*** Block opens ***

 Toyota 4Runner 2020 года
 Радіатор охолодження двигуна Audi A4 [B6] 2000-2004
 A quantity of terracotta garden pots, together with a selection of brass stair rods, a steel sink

*** Block closes ***
*** Block opens ***

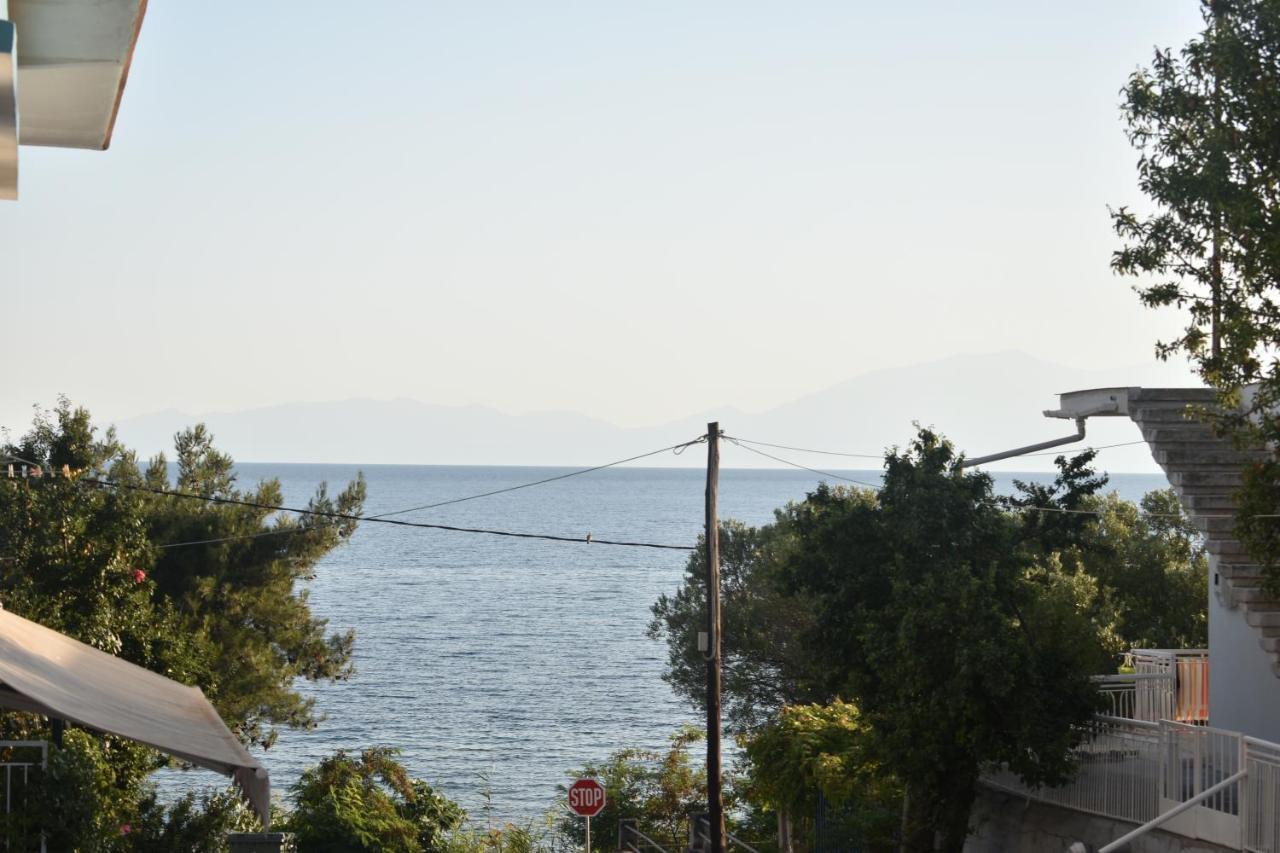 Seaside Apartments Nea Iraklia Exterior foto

*** Block closes ***
*** Block opens ***

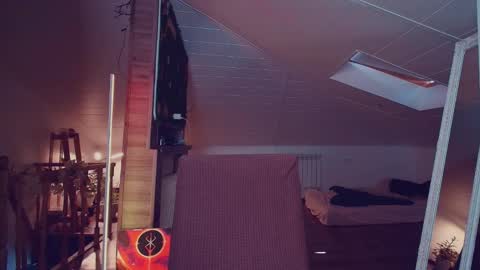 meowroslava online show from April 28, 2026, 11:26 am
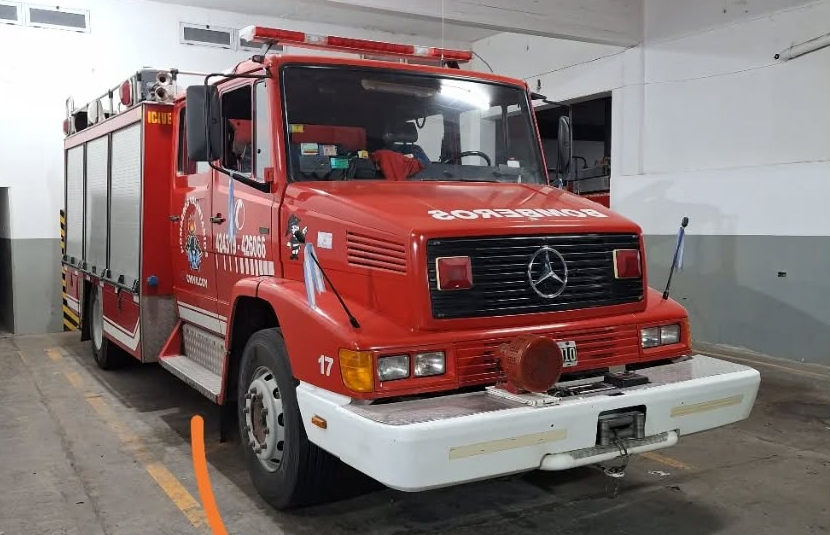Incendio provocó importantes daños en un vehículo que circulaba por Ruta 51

*** Block closes ***

**Work instruction**
From the data above, output exactly the lines between the one containing "Toyota 4Runner 2020 года" and the one containing "A quantity of", counting both of them.

**Response area**
 Toyota 4Runner 2020 года
 Радіатор охолодження двигуна Audi A4 [B6] 2000-2004
 A quantity of terracotta garden pots, together with a selection of brass stair rods, a steel sink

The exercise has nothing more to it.